# 扑你老母的



## qsh

just to be sure:
is 扑你老母的 equal to the Cantonese 屌你老母 (I know that it's normally another character for diu, but that one is blocked...)
according to some Chinese blogs I found, it's 潮汕 dialect - correct?

Thanks


----------



## Skatinginbc

I've never heard of this expression before and my intuition is: It is English.  扑(粤: _pok_)你老母的 "_poke_ your mother".  Of course, I'm curiously waiting for native speakers' explanations.


----------



## brofeelgood

In Cantonese, 仆街 is sometimes also written as 撲街 (still pronounced as  puk1). This expletive is widespread and notoriously versatile, but at  the same time reckoned to be much less vulgar than the famous five - <diu>, <gau>, <cat>, <lan>, <hai>.

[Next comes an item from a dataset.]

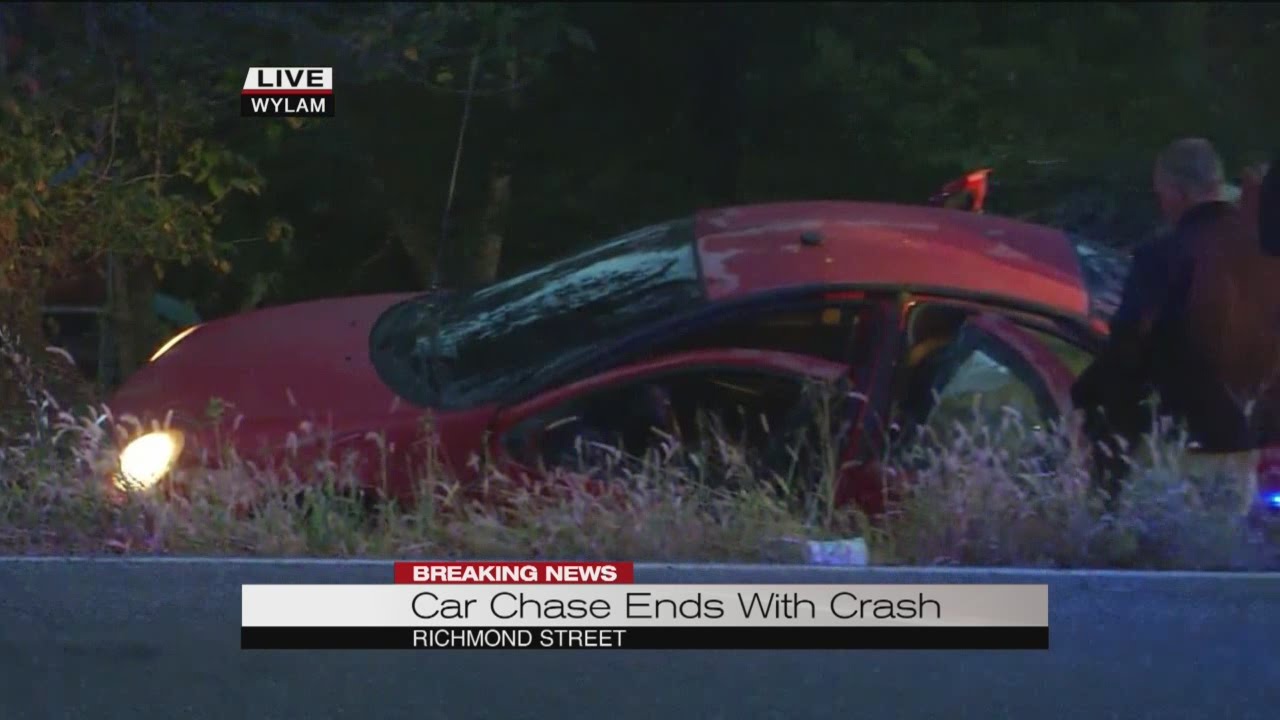 Car chase ends in crash - YouTube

One of its many uses goes in the form of: 仆 (someone's) 街, where 仆 is a verb and 街 is the object complement.
- "仆佢個街,咁都射唔入!" translates to "Damn (him)! How did he miss that!"

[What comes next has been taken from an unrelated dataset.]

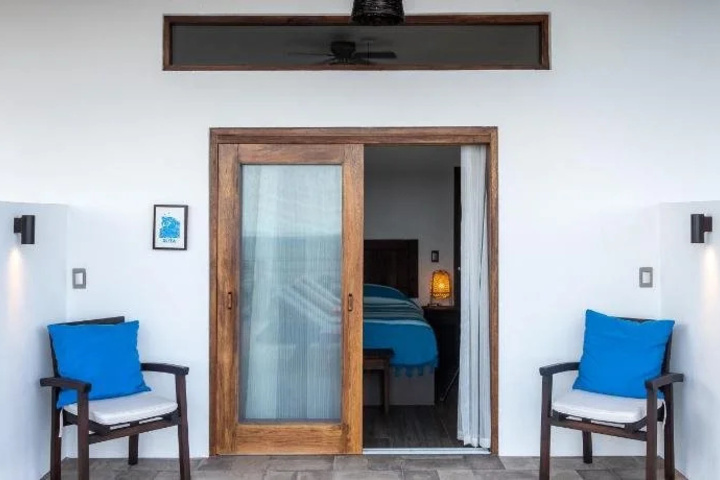 Room 4 of 23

It's  perfectly acceptable to substitute the "someone" with "you", "him",  "her", "that monkey"... and obviously "your mother", which is how you  get 仆你老母個街. Over the years, creativity and increasing discretion enabled  臭 to creep into the phrase, thus forming 仆你老母個臭街, which is very similar  sounding to 你老母個臭閪. It's euphemism through the brilliant use of  homophones.

This is the closest Cantonese equivalent of the  original phrase that I can think of, but it's atypical to use only 仆 in  place of 仆街. Therefore, the omission of 街 in the original phrase is a  glaring oddity. It's probably not Cantonese in my opinion. If it is, the  author is obviously not very good at it.


----------



## Skatinginbc

There are regional variants in pronunciation, for instance: 
僕: 香港 pok, 澳門 pʰok, 廣州 pʊk, etc.  Also 潮州话: pʰok 
撲: 香港 pʰɔk, 澳門 pʰɔk, 廣州 pʰɔk, etc.  Also 潮州话: pʰok


----------



## brofeelgood

僕 is the traditional variant of 仆, but when paired with 街, it is without exception written as 仆街 instead of 僕街, and pronounced as puk1. 

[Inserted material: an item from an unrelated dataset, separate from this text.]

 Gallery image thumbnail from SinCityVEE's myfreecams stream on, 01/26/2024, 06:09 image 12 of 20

According to the Linguistics Society of Hong Kong (香港語言學學會), there are 3 possible pronunciations of 仆.
1. fu6 - 仆倒, 仆頓, 前仆後繼
2. buk6 - 同「僕」字，「仆」是「僕」的簡體字
3. puk1 - 「仆fu6」的異讀字，口語讀音

From the same source, the possible pronunciations of 撲 are given as:
1. pok3 - 撲打, 撲粉, 撲救
2. puk1 - 同「仆」字

http://humanum.arts.cuhk.edu.hk/Lexis/lexi-can/search.php?q=%BC%B3

Edit: these are Cantonese-only pronunciations.


----------



## Skatinginbc

brofeelgood said:


> it is without exception written as 仆街


Then it literally means "to fall prostrate on the street", which sounds like a death curse to me.  Cantonese 仆 does not carry sexual connotations, does it?  扑你老母的 certainly sounds sexually related.


----------



## brofeelgood

Skatinginbc said:


> Then it literally means "to fall prostrate on the street", which sounds like a death curse to me. * Cantonese 仆 does not carry sexual connotations, does it?*  扑你老母的 certainly sounds sexually related.



Not at all, it simply means fall forward (e.g. 仆親) and/or lie on (e.g. 仆喺度). The original use of 仆街 (PK) is as a curse; to tell someone to drop dead on the street - 仆街(死)喇你, which is not unlike 去死吧你 in Mandarin. It has since evolved to encompass a wider scope of definition and use.

Here's an interesting article I found that explains the origins of the word. I'm not 100% convinced, but it's undeniably entertaining. 

http://evchk.wikia.com/wiki/仆街

Edit: added 仆親 and 仆喺度.


----------



## Ghabi

More context is needed, *Qsh*. The word in question here may be bok1, not puk1. The non-vulgar meaning of bok1 is "to hit someone with a club (or something similar)" (which is perhaps related to 攴 in archaic Chinese). So it's not surprising it's become one of the f-words in Cantonese. 扑(bok1)你老母 "Screw your mom!" is of course very, very vulgar in Cantonese.


----------



## brofeelgood

Ghabi said:


> The word in question here may be bok1, not puk1. The non-vulgar meaning of bok1 is "to hit someone with a club (or something similar)" (which is perhaps related to 攴 in archaic Chinese)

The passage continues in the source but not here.